What if they are wrong and the pessimists are right? What if the marchers in Charlottesville chanting “the Jews will not replace us” are the harbingers of a momentous shift from civic nationalism to white Christian identity as the basis of the American polity?
This is where the existence of Israel becomes a transformative fact. A poem by Robert Frost contains a thought-provoking line: “Home is where, when you have to go there, they have to take you in.” Israel is the only country that guarantees immediate entry and citizenship to every Jew who knocks on its door. This is the sense in which Israel is the home for all Jews.
It is also why Israel means the end of Jewish exile. For two millennia, Jews faced a terrible choice between persecution and statelessness, as when the SS St. Louis, crammed with Jewish refugees, wandered from port to port in 1939 looking for a country that would accept its passengers. The creation of Israel gave Jews a third choice.

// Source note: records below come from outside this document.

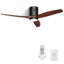 Ventilateur de plafond en bois massif 52 po, télécommande et contrôle mural, moteur DC réversible silencieux à débit d'air élevé jusqu'à 5600 + CFM, montage encastré pour pièce à profil bas-72341889-72341894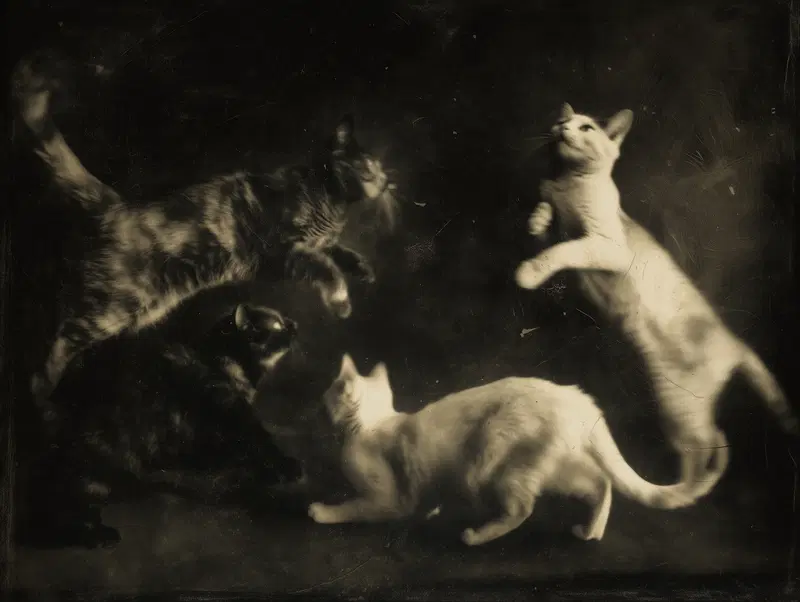 Vintage Cat Photography Inspiration in Joel-Peter Witkin Style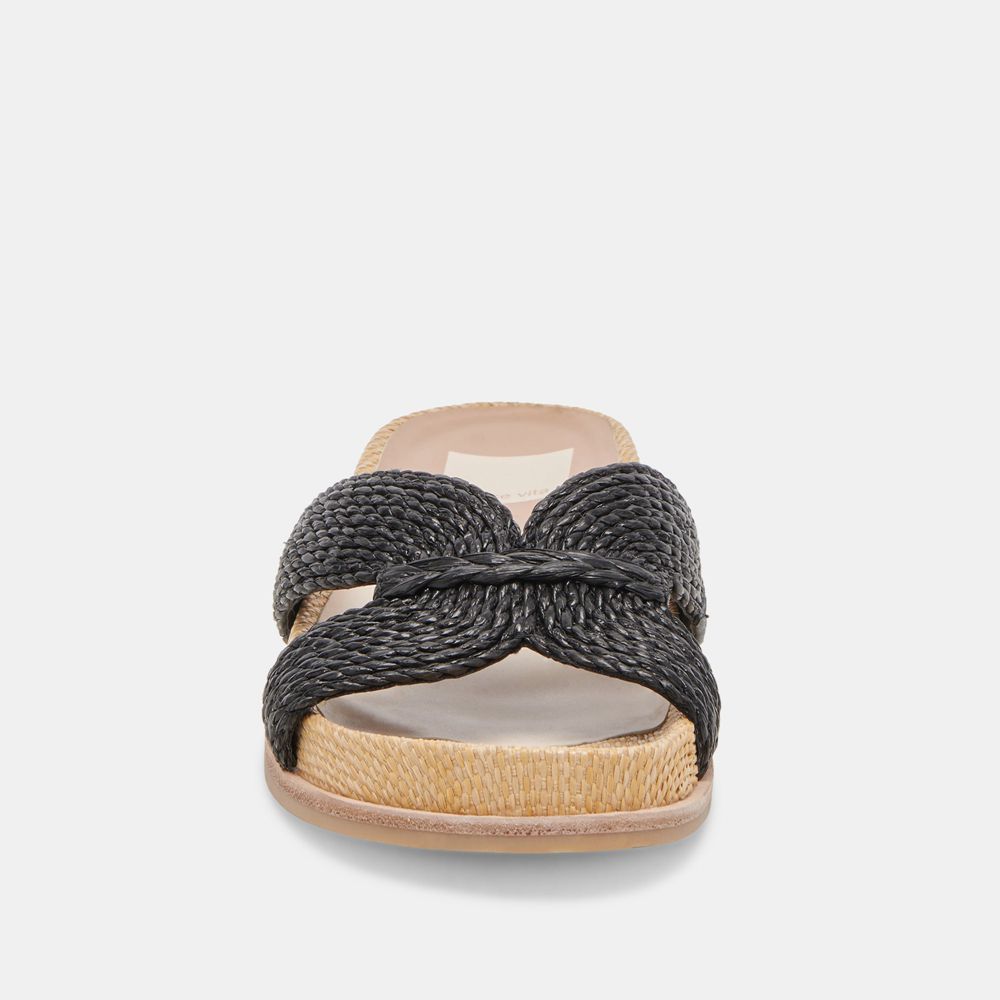 Dolce Vita Selda Wide Raffia Women Sandals Black | US-592017DGI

In that sense, Israel fulfills the Zionist goal of the “negation of the exile.” This is consistent with the existence of permanent Jewish communities outside the state of Israel. The end of exile as an unchosen political condition doesn’t mean the end of the diaspora* as a voluntary condition.

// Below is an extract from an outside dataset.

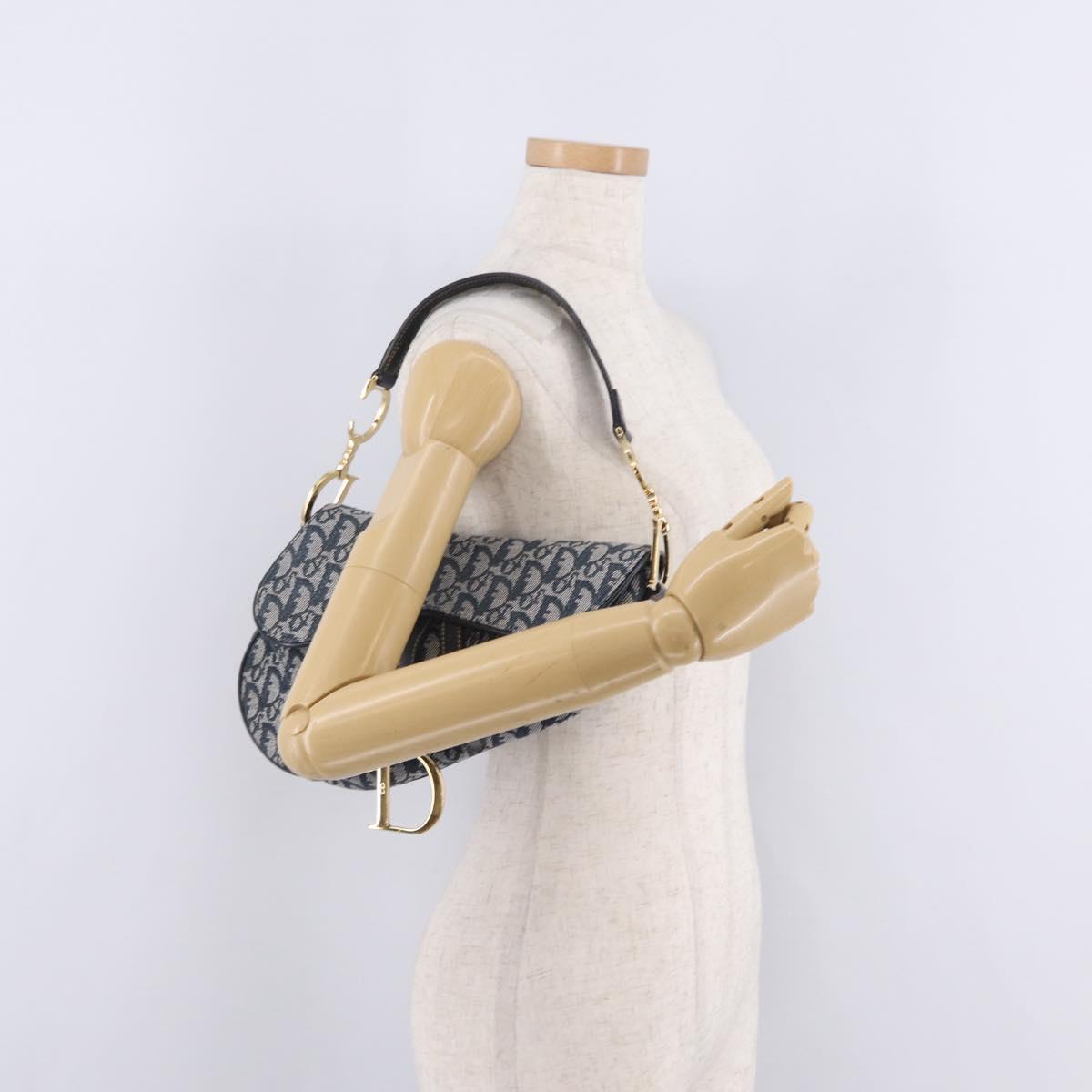 Christian Dior Trotter Canvas saddle Shoulder Bag Navy Gold Auth 211697SAV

The emergence of two permanent poles of Jewish life—one in Israel and one in the diaspora—offers new possibilities but also presents new challenges. The challenges are underscored by an American Jewish Committee survey released as its conference convened in Jerusalem.
In effect, Israeli Jews are a red state while American Jews are a blue state. Seventy-seven percent of Israeli Jews approve of President Trump’s handling of relations between the U.S. and Israel, compared with only 34% of American Jews. Eighty-five percent of Israeli Jews, but only 46% of American Jews, back Mr. Trump’s decision to recognize Jerusalem as Israel’s capital and move the embassy there. Fifty-nine percent of American Jews would support dismantling at least some settlements as part of a final settlement with the Palestinians; only 39% of Israeli Jews would do so. Eighty percent of American Jews but only 49% of Israeli Jews favor allowing Conservative and Reform as well as Orthodox rabbis to officiate at Israeli weddings, divorces and conversions. And 73% of American Jews but only 42% of Israeli Jews support both sexes praying together at the Western Wall rather than the strict separation required by Orthodox Judaism.
Underlying these policy differences is a deep jurisdictional dispute. Although both American and Israeli Jews believe that they are part of one people, and that they benefit from one another’s strength, they are divided by citizenship. Relying on the idea of shared peoplehood, 53% of American Jews believe that it is appropriate for them to influence Israeli security issues. Speaking as citizens of a sovereign state, 68% of Israelis disagree.
When Israeli policy principally affects Israeli citizens, noncitizens may offer advice but cannot demand influence on the outcome. But when Israel acts as the guardian of the patrimony of the entire Jewish people, as it surely does with the Western Wall, it has a greater responsibility to weigh the views of the wider Jewish community. Because security issues occupy a gray zone in this continuum, Jews in and outside Israel will continue to debate not only the substance of these issues but also their respective claims to a stake in their resolution.
*the dispersion of the Jews beyond Israel.